You can use ReadModel or ViewModel:

Read Model:

Read model can be seen as a read database for your app. So if you want to store some data about each aggregate, you should insert/update row or entry in some table for each aggregate, see Hacker News example read model code.

It is important to understand that resolve read models are built on demand - on the first query. If you have a lot of events, it may take some time.

Another thing to consider - a newly created resolve app is configured to use in-memory database for read models, so on each app start you will have it rebuilt.

If you have a lot of events, and don't want to wait to wait for read models to build each time you start the app, you have to configure a real database storage for your read models.

Configiuring adapters is not well documented, we'll fix this. Here is what you need to write in the relevant config file for mongoDB:

readModelAdapters: [
  {
    name: 'default',
    module: 'resolve-readmodel-mongo',
    options: {
      url: 'mongodb://127.0.0.1:27017/MyDatabaseName',
    }
  }
]

Since you have a database engine, you can use it for an event store too:

storageAdapter: {
  module: 'resolve-storage-mongo',
  options: {
    url: 'mongodb://127.0.0.1:27017/MyDatabaseName',
    collectionName: 'Events'
  }
}

ViewModel ViewModel is built on the fly during the query. It does not require a storage, but it reads all events for the given aggregateId.

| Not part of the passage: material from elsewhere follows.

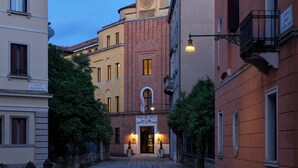 Eine schmale Straße mit Häusern an beiden Seiten, darunter ein markantes Gebäude aus rotem Backstein mit einem Uhrturm und einem Schild, das "Calle Della Carmine" zeigt.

reSolve view models are using snapshots. So if you have 15.000 events for a give aggregate, then on the first request all those events will be applied to calculate a vies state for the first time. After this, this state will be saved, and all subsequent requests will read a snapshot and all later events. By default snapshot is done per 100 events. So on the second query reSolve would read a snapshot for this view model, and apply not more than 100 events to it.

Again, keep in mind, that if you want snapshot storage to be persistent, you should configure a snapshot adapter:

snapshotAdapter: {
  module: 'resolve-snapshot-lite',
  options: {
    pathToFile: 'path/to/file',
    bucketSize: 100
  }
}

ViewModel has one more benefit - if you use resolve-redux middleware on the client, it will be kept up-to-date there, reactively applying events that app is receiving via websockets.